### Problem description
Everything from the line that has "Exercise: Add the" to the last line of the listing must be repeated exactly, and nothing more; omit the pictures.

### Data segment

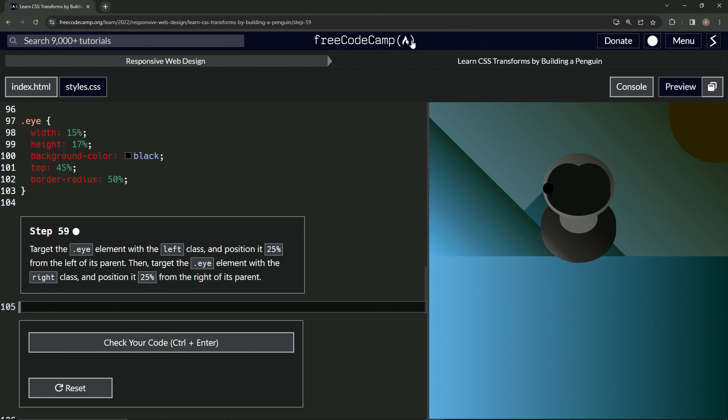Now we're doing FreeCodeCamp Responsive Web Design, Learn CSS Transforms by Building a Penguin, Step 59.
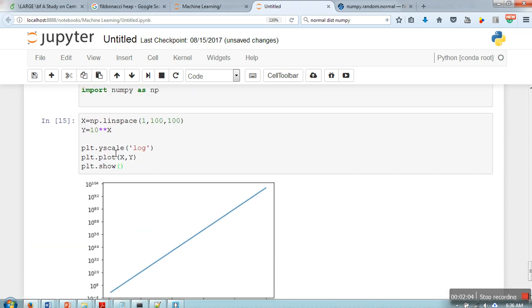So in a similar manner you can also make your x scale logarithmic. Thank you very much for watching.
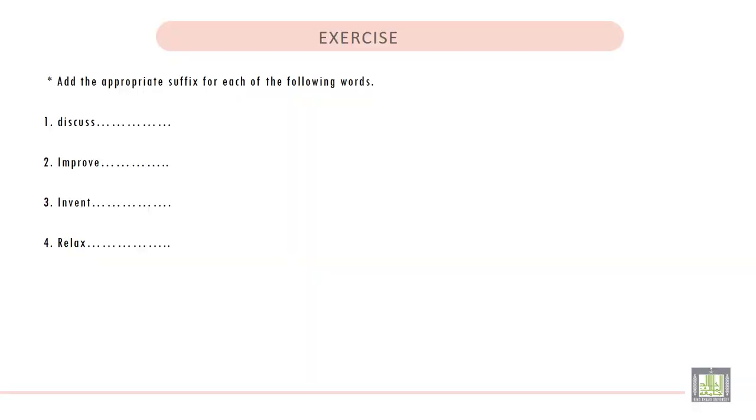Exercise: Add the appropriate suffix for each of the following words. Number one, discuss. The appropriate suffix for discuss is adding I-O-N, so it becomes discussion.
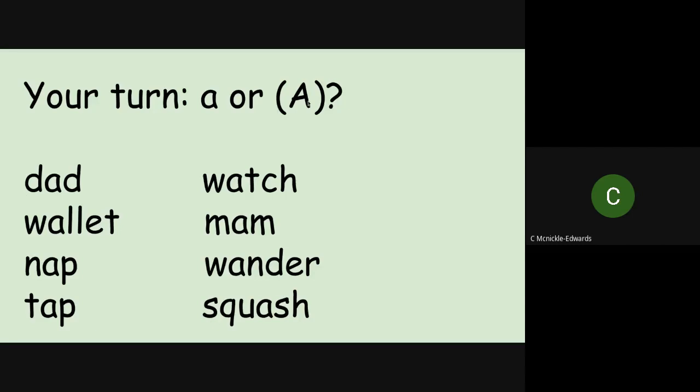And then change it to the O. Sorry, I've just noticed there's a capital A on the top there. Ignore that because that should be obviously the O pronunciation. I will change that on the slides. So have a go. Is it the A or the O pronunciation?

### Answer to the exercise
Exercise: Add the appropriate suffix for each of the following words. Number one, discuss. The appropriate suffix for discuss is adding I-O-N, so it becomes discussion.
And then change it to the O. Sorry, I've just noticed there's a capital A on the top there. Ignore that because that should be obviously the O pronunciation. I will change that on the slides. So have a go. Is it the A or the O pronunciation?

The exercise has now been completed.